Integrated Marketing Tips and Techniques for Nonprofits to Market their Mission
Traditionally, nonprofit marketing professionals have approached marketing and public relations as separate disciplines. Today, they play equal roles in providing an integrated and cohesive approach to a nonprofit’s overall communication efforts. By incorporating the two efficiently, organizations can build continuity of brand, market their mission and unify all communications by working smarter, not harder.
This program covers how nonprofits can unify communications efforts to support their business goals, market their mission and speak directly to the target audiences: staff, board members, donors, volunteers, and the media.

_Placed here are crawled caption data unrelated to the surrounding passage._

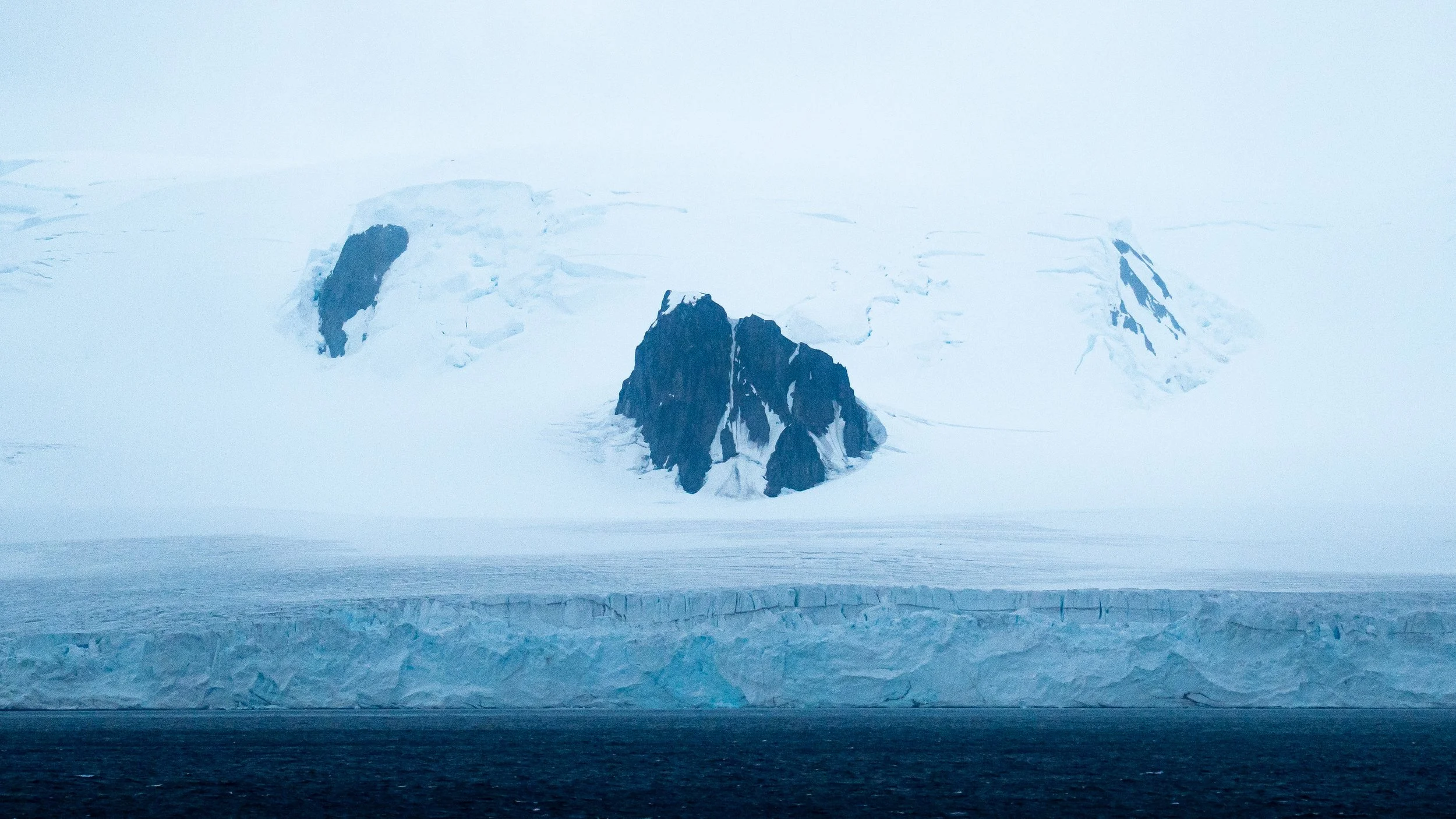 A polar landscape featuring a large snow-covered mountain with exposed dark rock faces, an icy body of water in the foreground, and a layer of ice along the edge of the water.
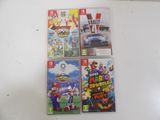 four nintendo wii games sitting on a white surface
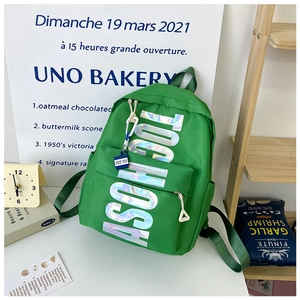 Detail of green student backpack with metallic TOO HOT lettering and stylish blue tag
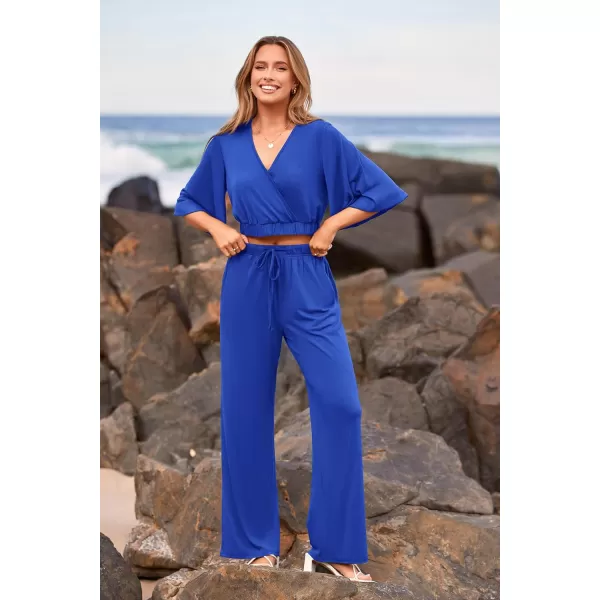 imagePRETTYGARDEN 2 Piece Outfits for Women 2023 Summer Short Sleeve Wrap V Neck Crop Tops Wide Leg Pants SetDark Blue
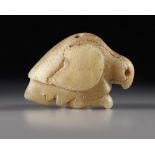 A WESTERN ASIATIC MARBLE SEAL AMULET IN THE FORM OF A BIRD OF PREY, LATE URUK PERIOD, CIRCA 3300-290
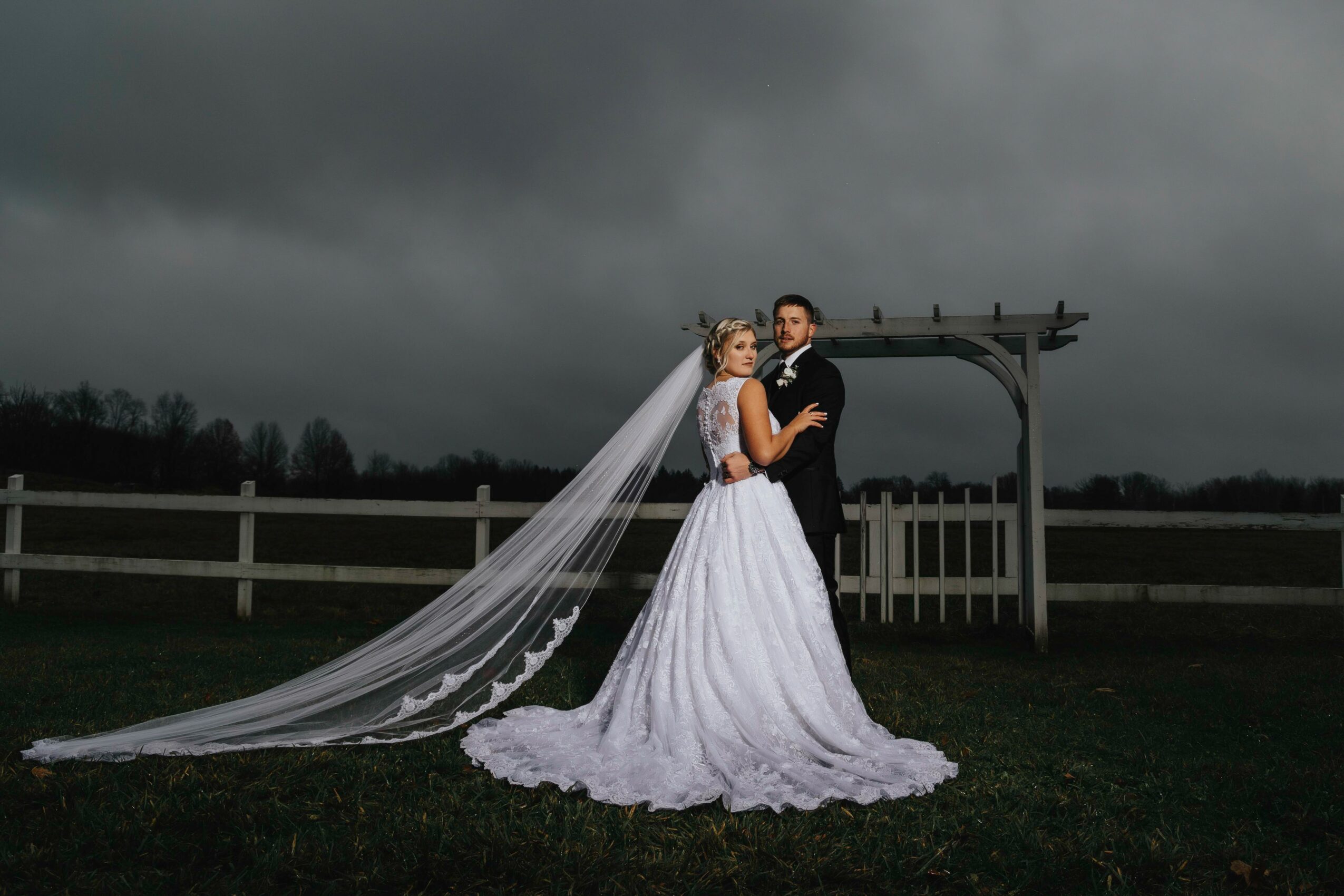 Bride and groom standing outdoors under dark stormy sky, bride in white gown with long veil, groom in black suit, fence in background.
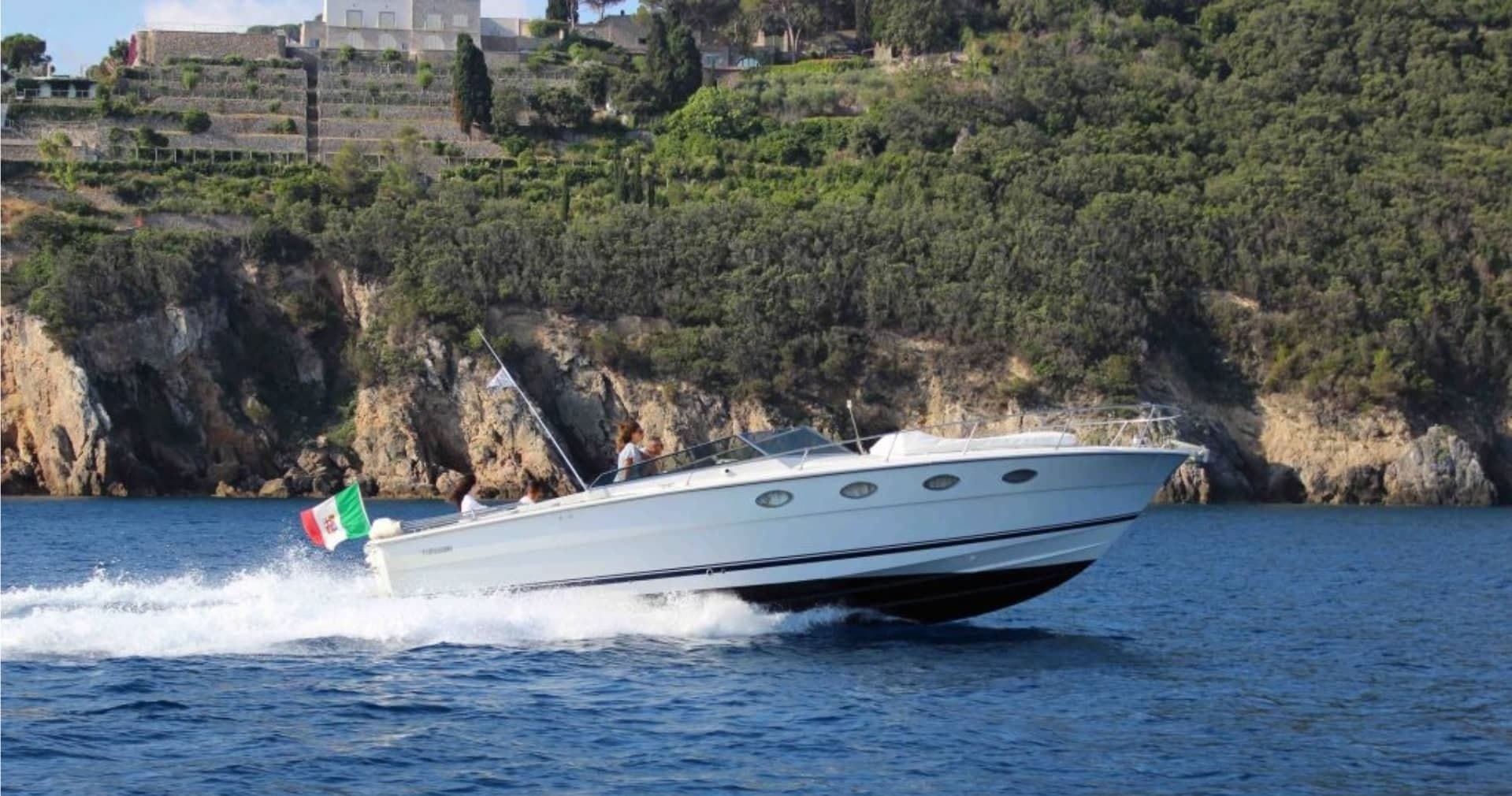 High-speed powerboat slicing through blue coastal waters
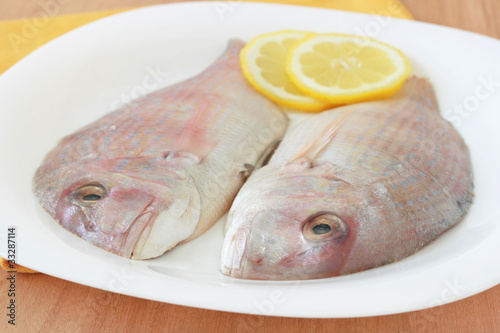 fresh fish with lemon on a plate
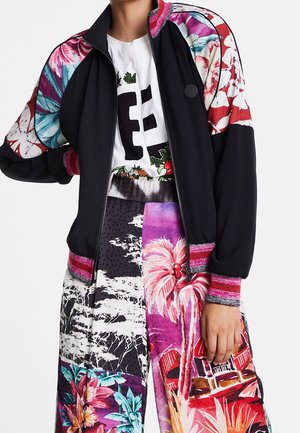 Veste noire avec manches à motif floral et poignets rayés roses sur une chemise blanche et un pantalon coloré à imprimé tropical.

It incorporates a case study using the American Cancer Society’s Relay for Life. At the end of the program, participants will better understand how to integrate marketing, public relations and social media and how to increase engagement, support development and increase planned giving with an integrated marketing approach.
How to define a nonprofit mission.
When we evaluate the written mission of many organizations, it’s lacking in the actual words that your audience needs for relevancy. Think about how to incorporate those things that are important to your target audience. What we often do is think about what’s important to us as an organization. What’s important the development director, executive director, and board members, is not necessary the same as what is important to the target audience. Answer the following questions:
- What words do you use to describe the MISSION of your organization?
- What are the important traits of your organization that are important to your target audience?
Definition of integrated marketing.
Integrated marketing is an evolving approach to marketing that seeks to demonstrate the benefits of synergistic communications across all functions of an organization and via multi-media in order to influence its target audience.
Benefits of integrated marketing for nonprofits
- Better brand awareness
- Increased participation and engagement
- Greater consumer satisfaction
- Better attraction of resources and funds (development | leadership)
- Stronger donor, staff and volunteer loyalty
- Increased legislative understanding and support
- Greater efficiency and effectiveness of services
- Stronger organization
- Increased volunteer participation and community support
Defining marketing goals for nonprofits.
What are the actual quantifiable goals and how do the quantifiable goals meet your corporate, your business goals, your organizational goals? They have to be synchronistic. What are some of the goals that your organizations have in the next year in terms of communications or fundraising?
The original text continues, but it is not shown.